Audio By Carbonatix
The Director of Academic Affairs and Research at the Kofi Annan International Peacekeeping Training Centre, (KAIPTC) has expressed displeasure with the recent military operation in Ashaiman.
Professor Kwesi Aning said the military swoop in Ashaiman to arrest persons who stabbed a soldier to death is not an intelligence-led operation.
According to him, if people are always brutalised by the military for a crime committed without taking the appropriate steps, their actions will be seen as acceptable in society.
He said that the military creates a society of fear when they deprive citizens of their rights to freedom.
“When we say something is intelligence-led, then it is sharp, pinpointed, specific and deliberate. So an intelligence-led operation that seizes 184 people, brutalises and if you see the picture of those guys lying in mud how is that intelligence?……you treat people in a way that dehumanises and takes away their sense of self-respect and humanity in the name of gathering intelligence?

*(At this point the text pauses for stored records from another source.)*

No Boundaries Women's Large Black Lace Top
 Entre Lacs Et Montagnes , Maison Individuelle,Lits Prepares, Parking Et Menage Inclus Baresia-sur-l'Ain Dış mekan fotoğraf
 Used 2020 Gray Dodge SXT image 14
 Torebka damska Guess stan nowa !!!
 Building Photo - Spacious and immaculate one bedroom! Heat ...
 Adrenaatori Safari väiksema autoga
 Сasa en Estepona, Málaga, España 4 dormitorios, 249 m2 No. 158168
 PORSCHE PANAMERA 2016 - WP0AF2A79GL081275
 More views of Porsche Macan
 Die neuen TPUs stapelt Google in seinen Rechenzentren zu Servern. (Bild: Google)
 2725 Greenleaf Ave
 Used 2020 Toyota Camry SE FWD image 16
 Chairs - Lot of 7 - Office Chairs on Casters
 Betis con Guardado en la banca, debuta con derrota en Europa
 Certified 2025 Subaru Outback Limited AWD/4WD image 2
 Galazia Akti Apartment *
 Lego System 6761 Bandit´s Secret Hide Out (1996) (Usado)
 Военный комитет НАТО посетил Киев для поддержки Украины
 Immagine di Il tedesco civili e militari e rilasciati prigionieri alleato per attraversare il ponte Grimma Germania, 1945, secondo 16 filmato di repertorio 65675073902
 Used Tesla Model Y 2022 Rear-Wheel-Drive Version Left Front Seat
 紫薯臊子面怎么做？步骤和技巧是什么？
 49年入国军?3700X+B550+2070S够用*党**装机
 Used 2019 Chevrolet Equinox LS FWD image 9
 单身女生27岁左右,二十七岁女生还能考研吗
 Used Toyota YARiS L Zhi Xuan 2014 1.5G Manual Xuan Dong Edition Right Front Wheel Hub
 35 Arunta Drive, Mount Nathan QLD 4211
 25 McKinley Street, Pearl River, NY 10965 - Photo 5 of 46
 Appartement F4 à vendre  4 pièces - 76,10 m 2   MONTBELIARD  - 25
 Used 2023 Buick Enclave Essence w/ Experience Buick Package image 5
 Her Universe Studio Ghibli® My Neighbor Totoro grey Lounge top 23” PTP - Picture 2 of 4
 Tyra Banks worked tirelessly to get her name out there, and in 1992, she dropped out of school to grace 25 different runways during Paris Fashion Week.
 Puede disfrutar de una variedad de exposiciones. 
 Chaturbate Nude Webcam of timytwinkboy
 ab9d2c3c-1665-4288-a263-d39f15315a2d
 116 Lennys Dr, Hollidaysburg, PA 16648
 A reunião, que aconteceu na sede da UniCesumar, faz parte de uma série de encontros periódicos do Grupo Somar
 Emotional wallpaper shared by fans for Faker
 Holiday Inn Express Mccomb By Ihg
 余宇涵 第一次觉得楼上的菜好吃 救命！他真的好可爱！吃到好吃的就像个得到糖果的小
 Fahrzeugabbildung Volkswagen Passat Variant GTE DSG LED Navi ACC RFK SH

“So when you let them wade in mud, what you will do is that you seek to dehumanise them, by brutalising and teaching sense to those people, you create societies of fear and societies of abuse”, Prof Aning said.
Speaking on Newsfile on Saturday, the professor said the Defence and Interior Committee in Parliament has failed its oversight duty in the case of the Ashaiman military brutality.
He explained that the Committee’s failure to sympathise with the family of the affected person and hold the Ghana Armed Forces (GAF) to account for their brutality toward the civilians is uncalled for.
Prof Aning said that Parliament had missed an opportunity to ensure public faith in security institutions.
“Part of my pain and this abiding sense of failure also relates to the discursive language used by our political class.
“So the Parliamentary Committee on Defence and Interior sympathises not with the family but with the Ghana Armed Forces (GAF) as an institution for losing one of their personnel. That is okay.
“But then the Parliamentary Committee then said we need to be careful about how we handle this case so we don’t worsen it. That is not the way oversight must be done.
"Oversight and particularly parliamentary oversight in dealing with interior, defence and intelligence is about ensuring that the public faith in these institutions is kept,” he stressed.
He cautioned that without Parliament’s oversight role especially in relation to the activities of the military, Ghana could be heading towards a precarious future.